Data below:

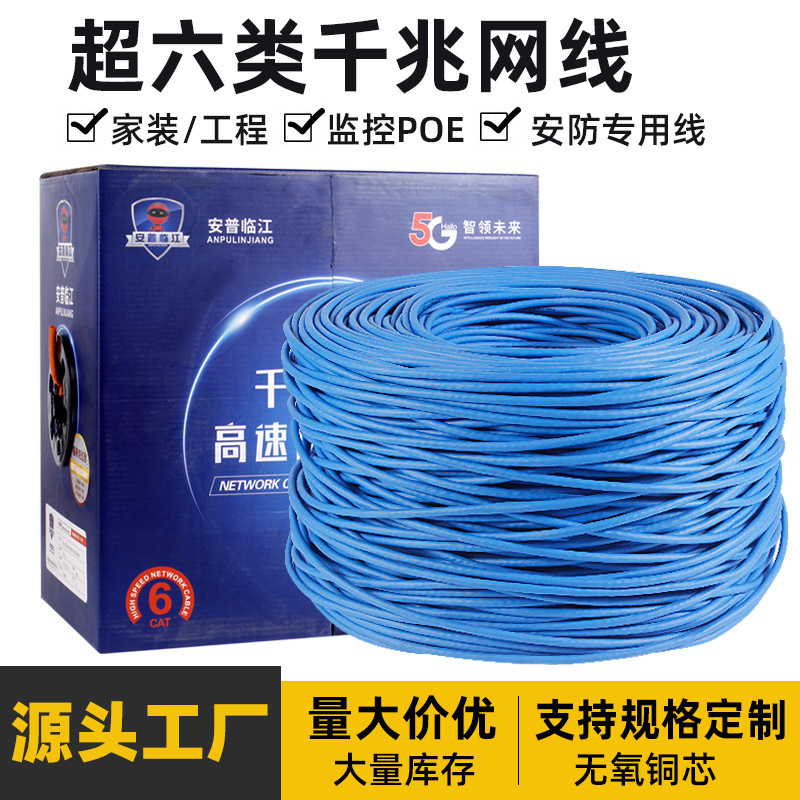 Category 6E Network Cable Gigabit Cat6 Home Decoration Unshielded Twisted Pair Test Passed Oxygen-Free Copper Engineering Network Cable
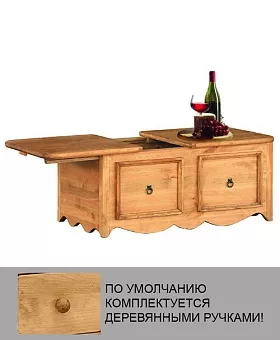 Сундук - бар MARIO COULISSANTE купить в Москве - фото №1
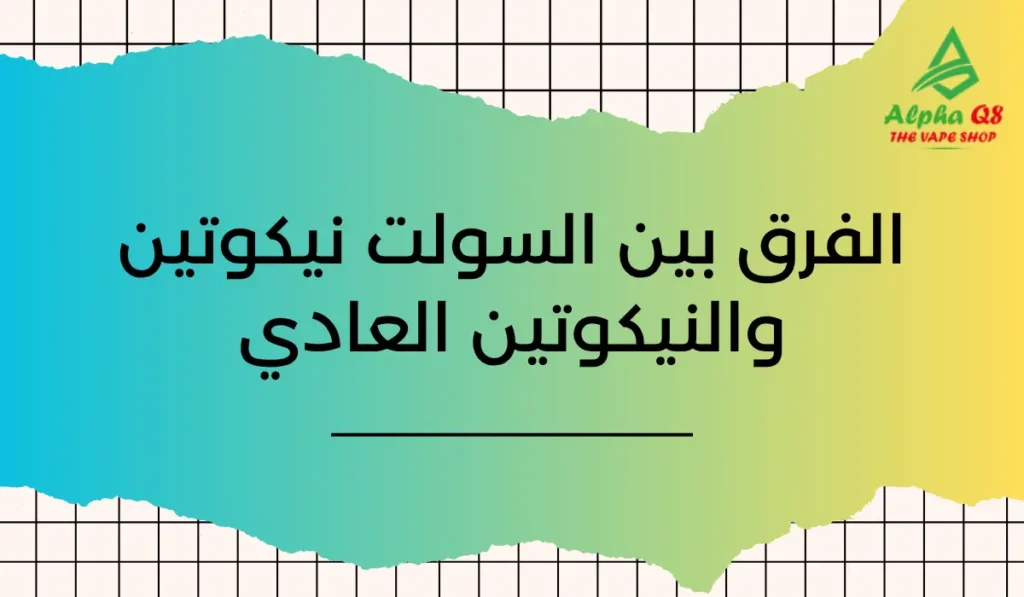 الفرق بين السولت نيكوتين والفري بيس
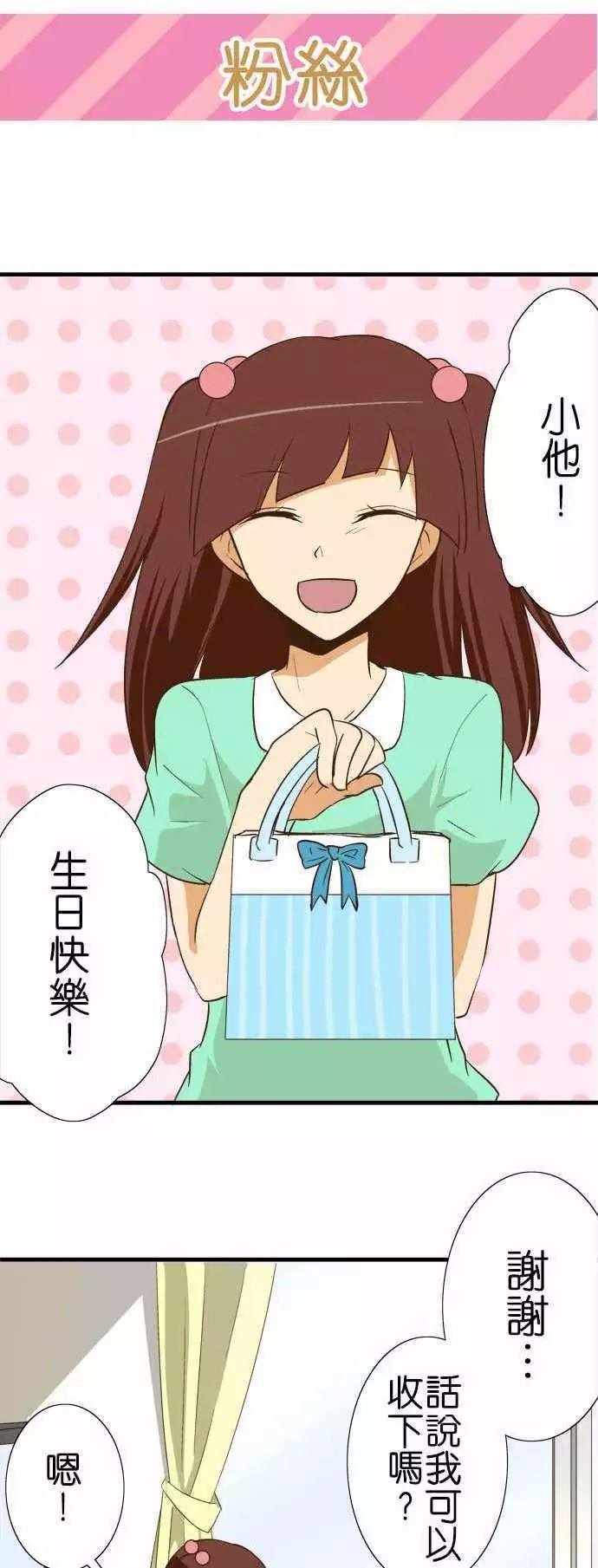 第92话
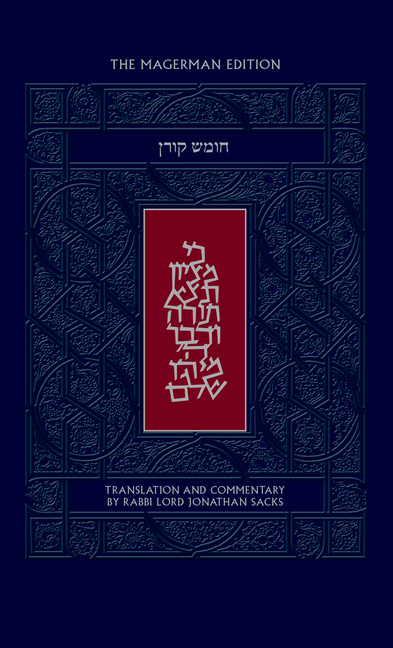 The Koren Humash, Na Edition: Translation and Commentary by Rabbi Lord Jonathan Sacks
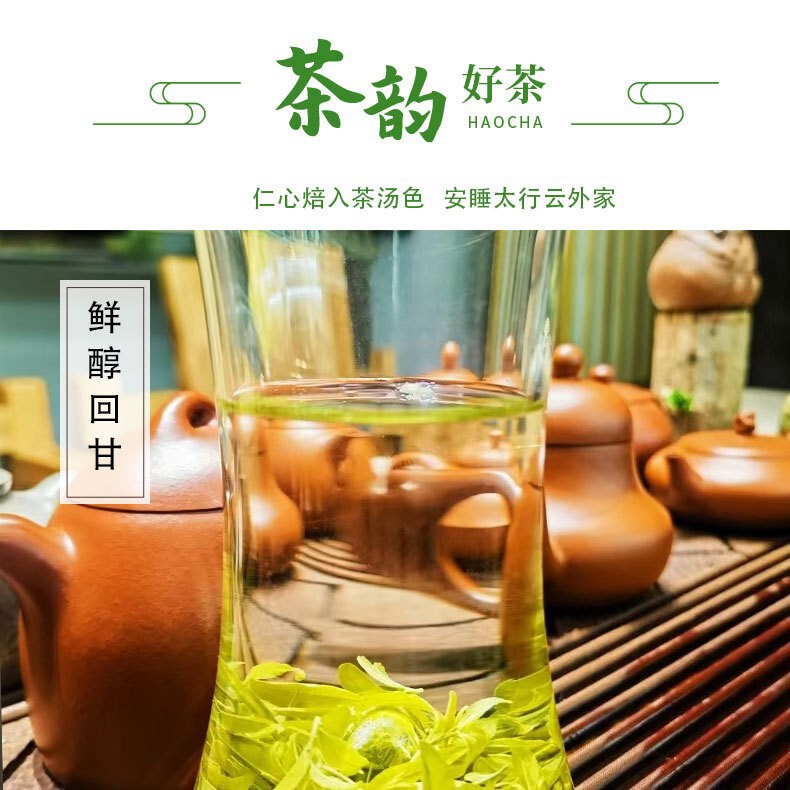 太行山野生ナツメ初作若芽茶睡眠と睡眠茶安全で健康的なお茶伝統的な工芸新茶|undefined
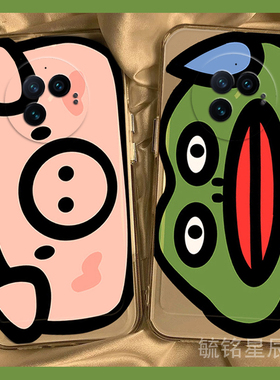 适用vivoxfold5翻盖手机壳xfold5pro折叠屏xfold3折叠xfold3pro新款xfold2可爱xflip小猪xfold＋绿色青蛙搞怪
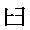 X-臼.gif (915 bytes)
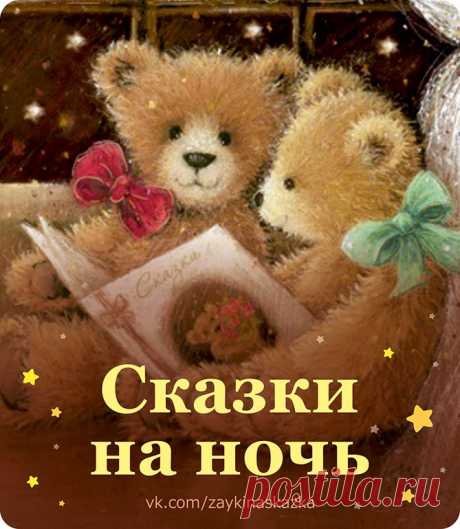 CКAЗКИ НА НОЧЬ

End of Data.

Task brief
Please print exactly the lines from the one holding "太行山野生ナツメ初作若芽茶睡" through the final line of the data above, including both, and skip all pictures.

Answer space
 太行山野生ナツメ初作若芽茶睡眠と睡眠茶安全で健康的なお茶伝統的な工芸新茶|undefined
 适用vivoxfold5翻盖手机壳xfold5pro折叠屏xfold3折叠xfold3pro新款xfold2可爱xflip小猪xfold＋绿色青蛙搞怪
 X-臼.gif (915 bytes)
 CКAЗКИ НА НОЧЬ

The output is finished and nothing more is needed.